Input for this task:
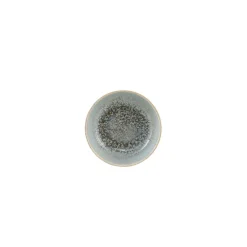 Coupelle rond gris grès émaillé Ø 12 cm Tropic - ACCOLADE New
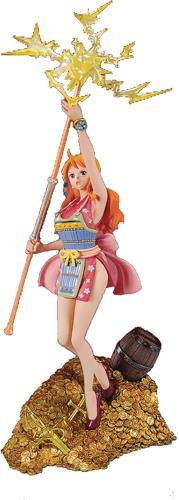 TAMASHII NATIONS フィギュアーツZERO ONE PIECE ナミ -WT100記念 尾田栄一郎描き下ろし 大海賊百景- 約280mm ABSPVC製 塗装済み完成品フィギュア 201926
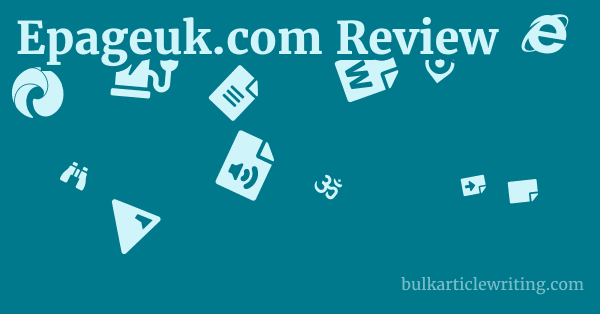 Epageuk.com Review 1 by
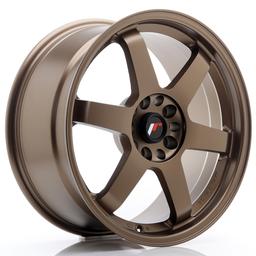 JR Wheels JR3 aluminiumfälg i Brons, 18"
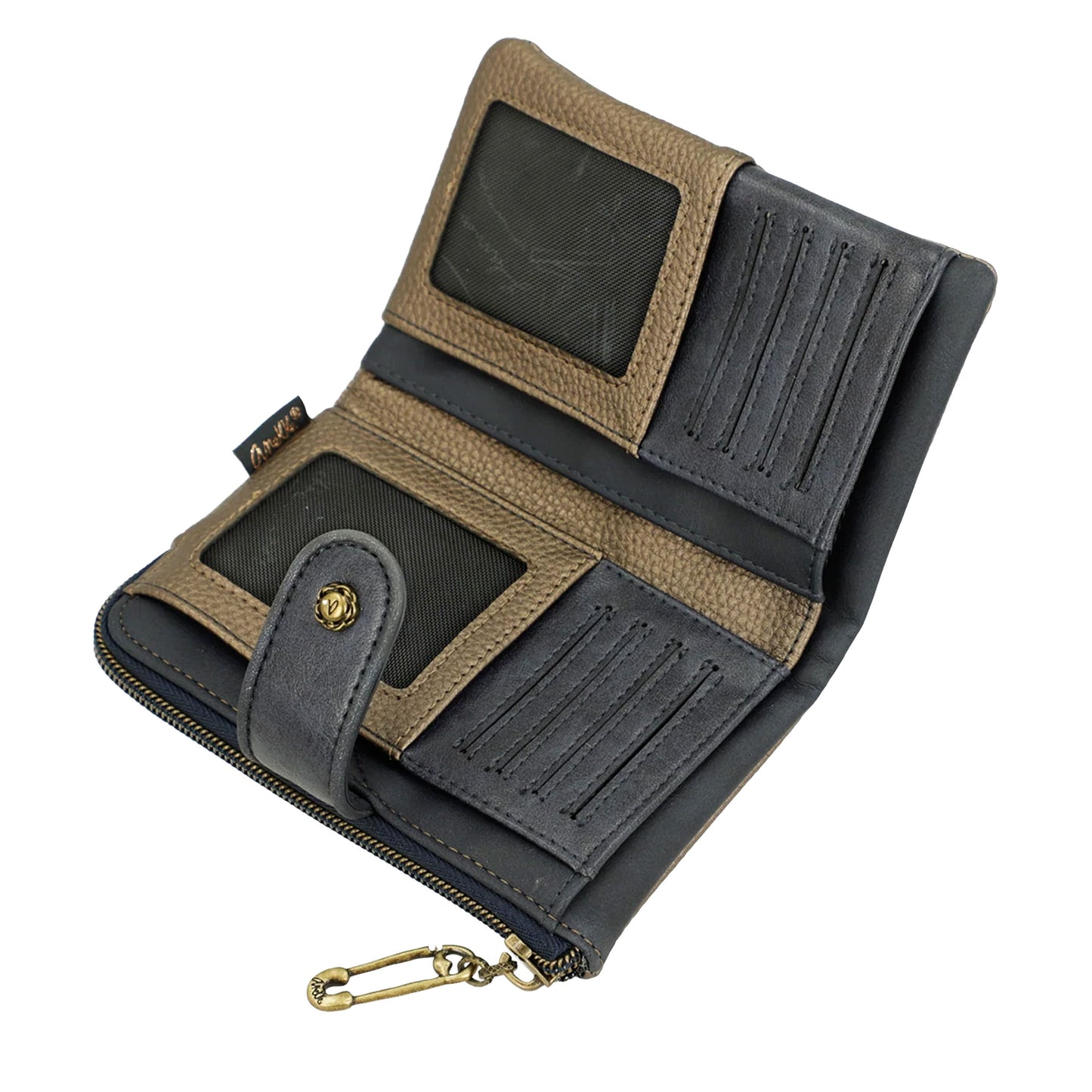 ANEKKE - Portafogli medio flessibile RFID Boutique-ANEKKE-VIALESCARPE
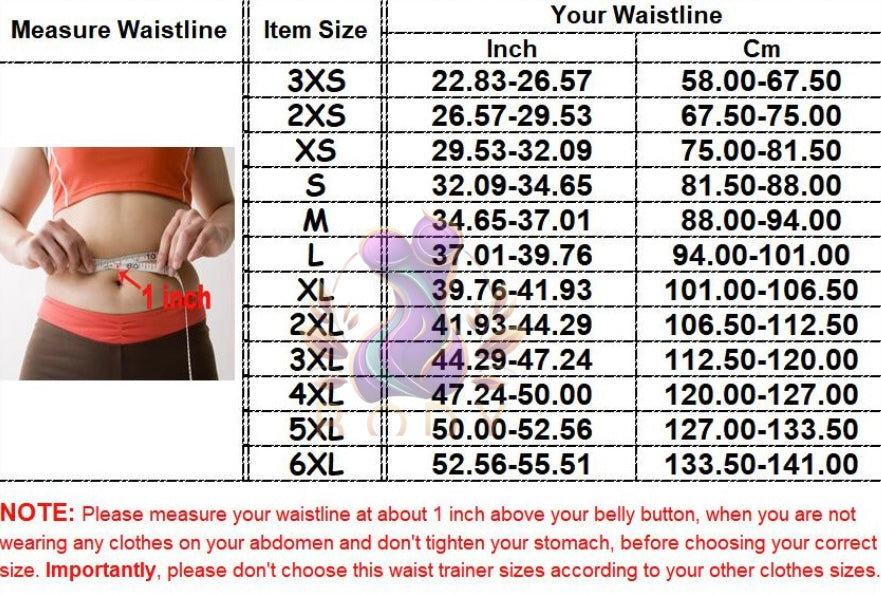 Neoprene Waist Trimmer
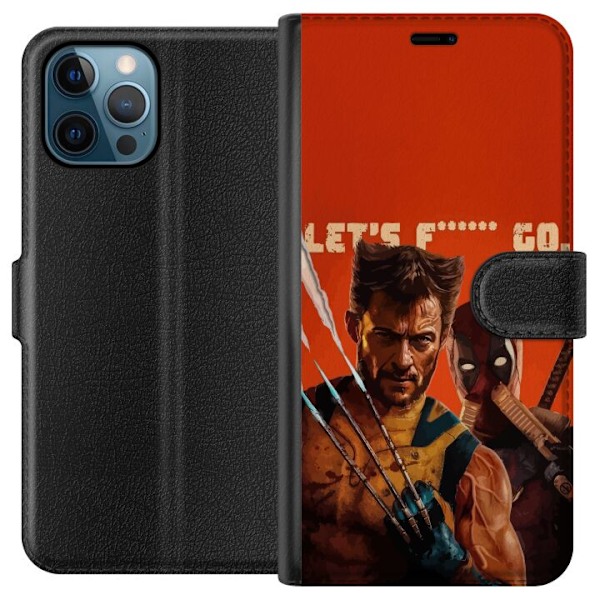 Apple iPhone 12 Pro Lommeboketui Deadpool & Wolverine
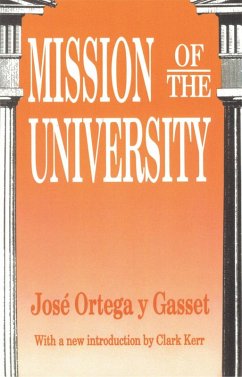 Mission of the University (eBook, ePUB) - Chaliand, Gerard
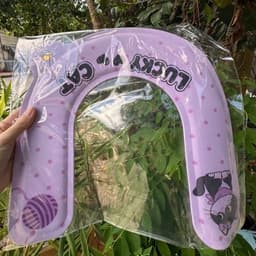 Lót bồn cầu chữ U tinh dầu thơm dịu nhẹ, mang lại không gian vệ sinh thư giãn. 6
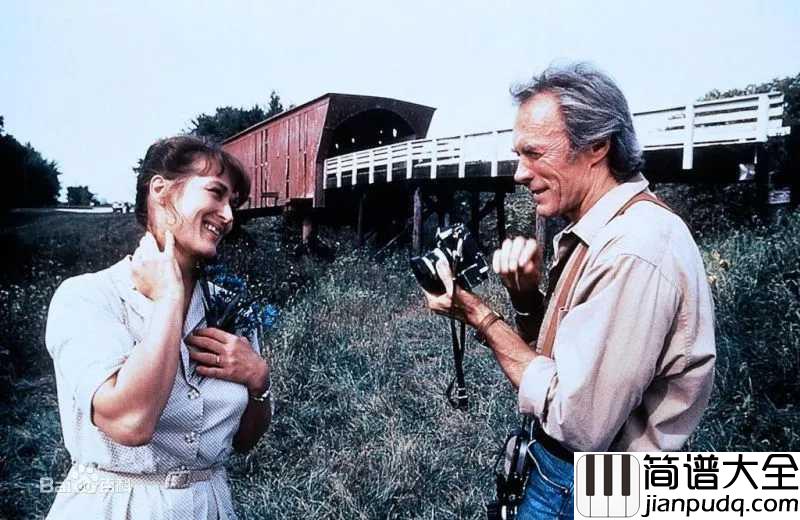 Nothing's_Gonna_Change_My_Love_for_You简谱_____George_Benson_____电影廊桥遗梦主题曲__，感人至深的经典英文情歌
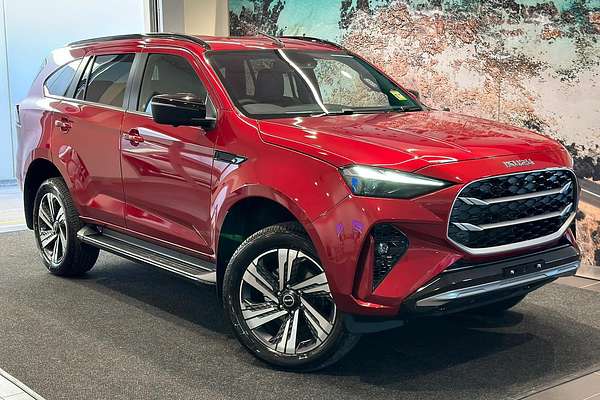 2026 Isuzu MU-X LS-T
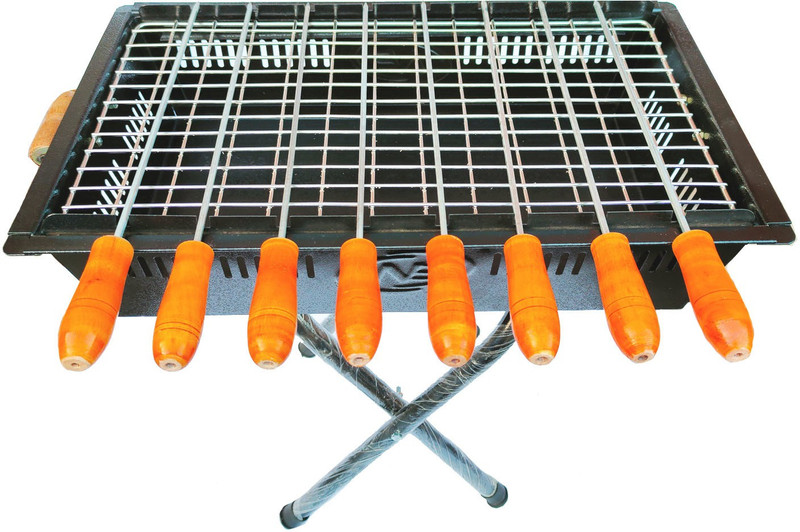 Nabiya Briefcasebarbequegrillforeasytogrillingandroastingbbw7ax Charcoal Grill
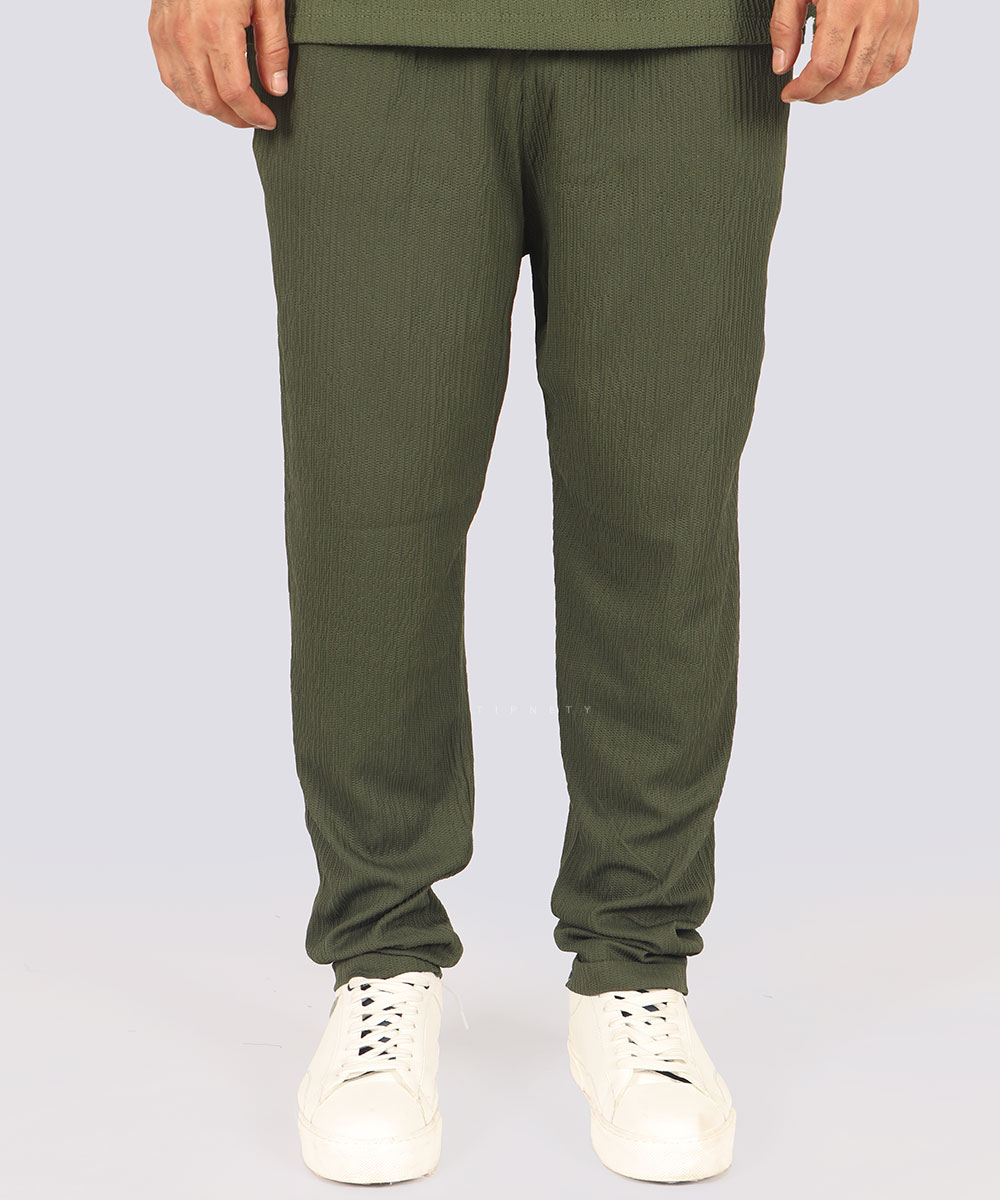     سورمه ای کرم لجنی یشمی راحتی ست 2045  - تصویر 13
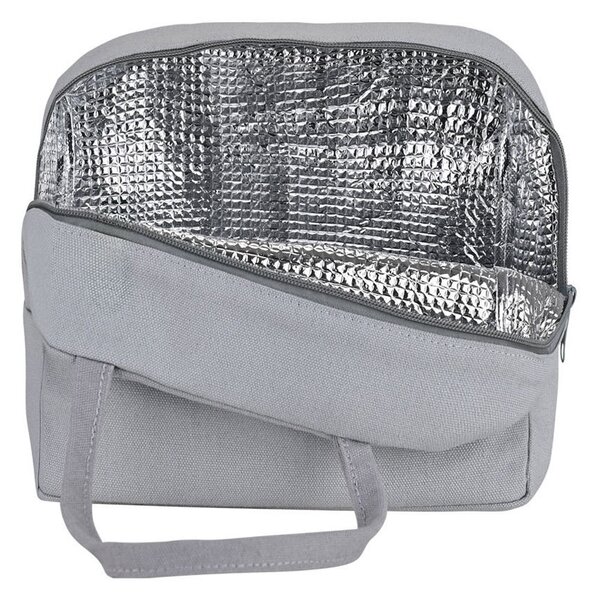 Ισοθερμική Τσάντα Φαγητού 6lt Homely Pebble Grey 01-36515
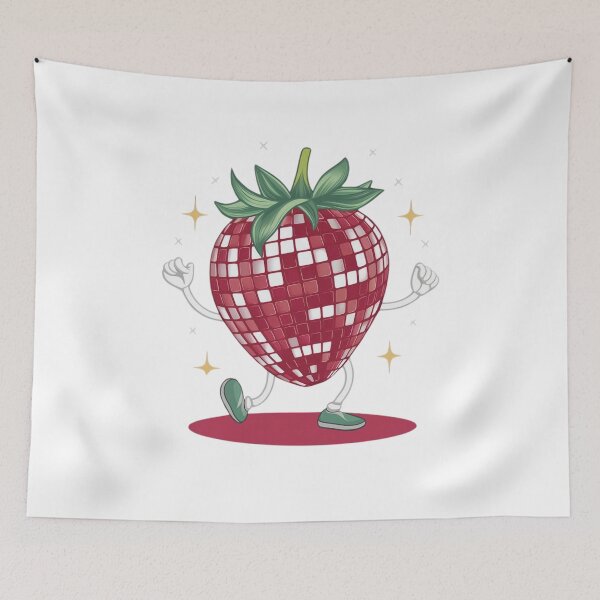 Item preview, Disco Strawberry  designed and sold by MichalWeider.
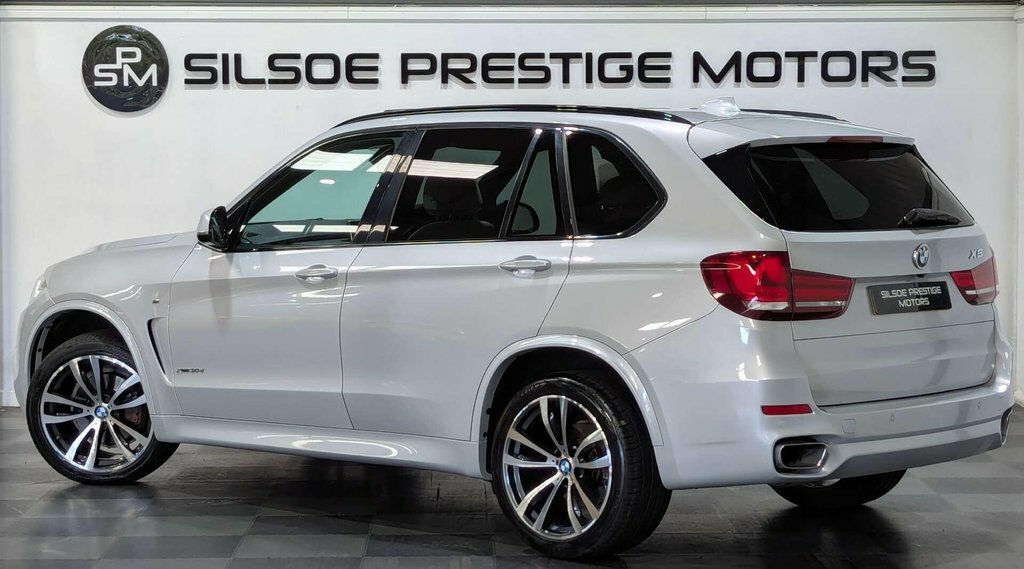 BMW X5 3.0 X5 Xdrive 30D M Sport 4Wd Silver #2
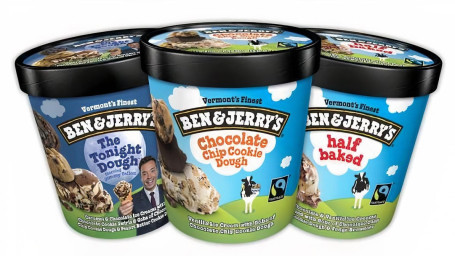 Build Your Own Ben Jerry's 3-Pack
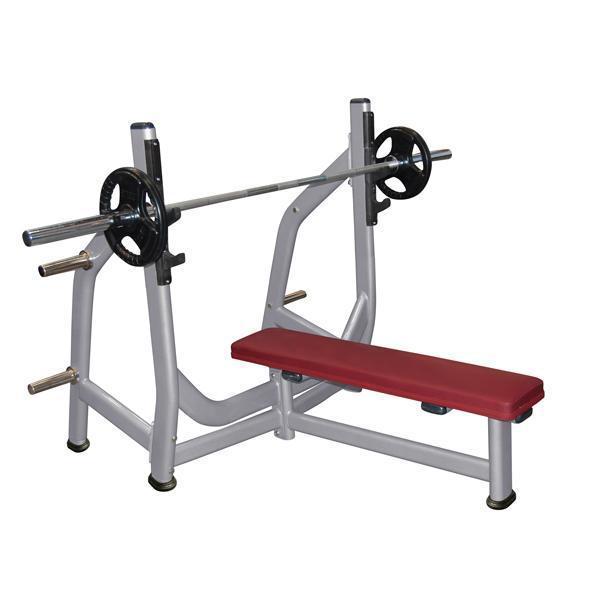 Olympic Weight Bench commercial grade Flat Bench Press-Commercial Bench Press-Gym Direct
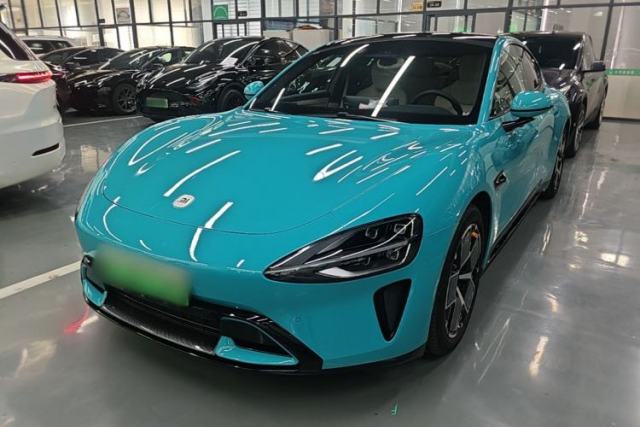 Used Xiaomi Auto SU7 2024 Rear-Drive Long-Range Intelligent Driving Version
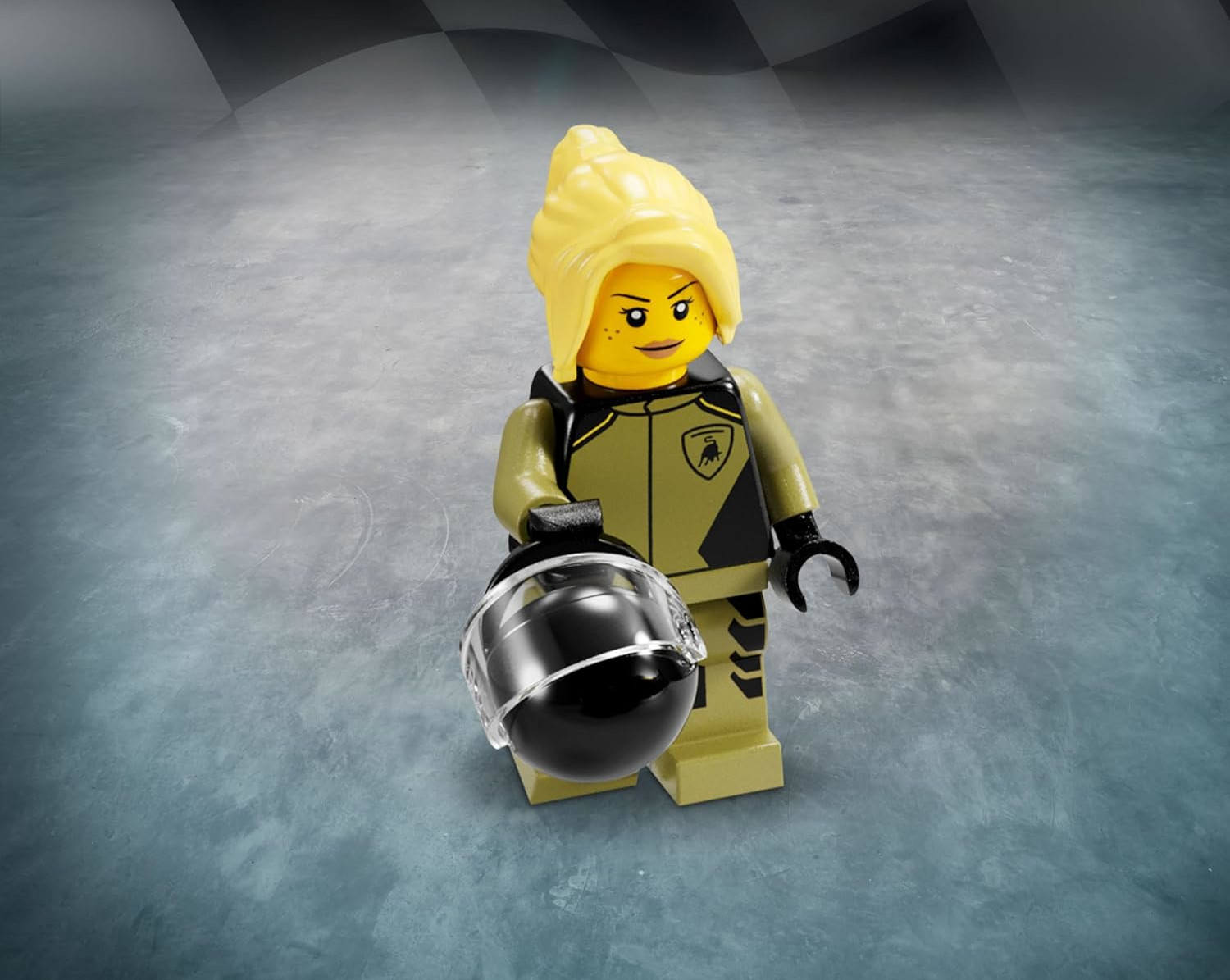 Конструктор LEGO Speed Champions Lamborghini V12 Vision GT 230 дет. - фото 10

Task statement: Do not include the pictures. Quote only the lines from the line with "Build Your Own Ben Jerry's 3-Pack" through the end of the material, both ends included, exactly.

Answer space:
 Build Your Own Ben Jerry's 3-Pack
 Olympic Weight Bench commercial grade Flat Bench Press-Commercial Bench Press-Gym Direct
 Used Xiaomi Auto SU7 2024 Rear-Drive Long-Range Intelligent Driving Version
 Конструктор LEGO Speed Champions Lamborghini V12 Vision GT 230 дет. - фото 10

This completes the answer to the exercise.